This may be a question about the existing UPM rather than the new thing in this post (the cache), but it's not clear to me how this system handles versioned dependencies or reproducibility issues. import statements (in python) are not versioned. Does anyone know?
I also wonder how they solved the stupid but annoying problem of mapping import names to package names, e.g. "import sklearn" -> scikit-learn, "import dateutil" -> python-dateutil, "import bs4" -> beautifulsoup4, ...
UPM's philosophy is to use a lockfile to specify dependency constraints. The first time you press run and UPM guesses which packages satisfy which import statements, those versions are put into the lockfile.
Can the user read/export the lockfile in a portable format (e.g. requirements.txt)?
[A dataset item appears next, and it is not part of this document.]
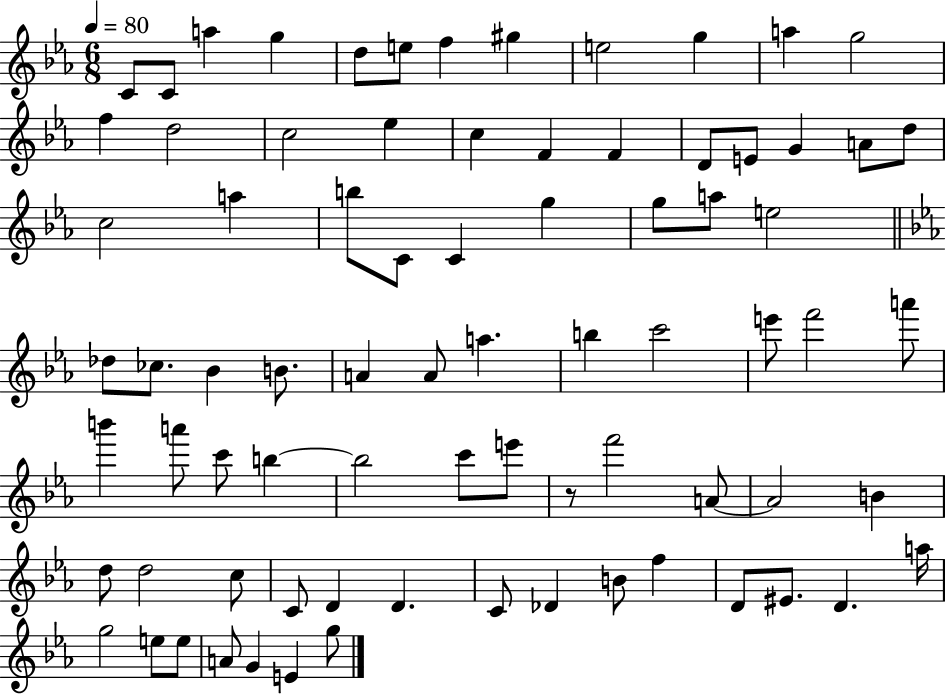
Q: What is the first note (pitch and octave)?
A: C4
I love the idea of magic like this, but I'm less keen if it comes at the price of lock-in. (And feel free point me to the docs!)
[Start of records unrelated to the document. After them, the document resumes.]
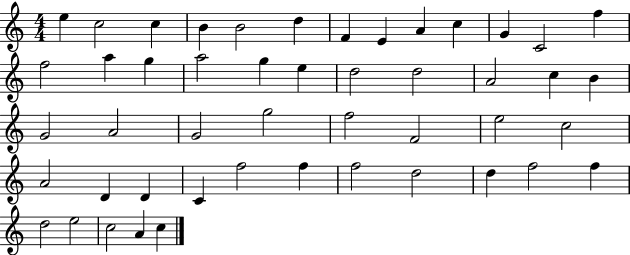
X:1
T:Untitled
M:4/4
L:1/4
K:C
e c2 c B B2 d F E A c G C2 f f2 a g a2 g e d2 d2 A2 c B G2 A2 G2 g2 f2 F2 e2 c2 A2 D D C f2 f f2 d2 d f2 f d2 e2 c2 A c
No magic, it's automating and hooking into existing open-source tools. For Python its poetry (https://python-poetry.org/), not requirements.txt because UPM needs to present strong guarantees on reproducibility -- otherwise things like content-addressable caching wouldn't be possible. Poetry is open-source and UPM is too: https://github.com/replit/upm
Every Replit Python project can be downloaded and you'll have the spec file and the lock file so you can install the same dependencies locally.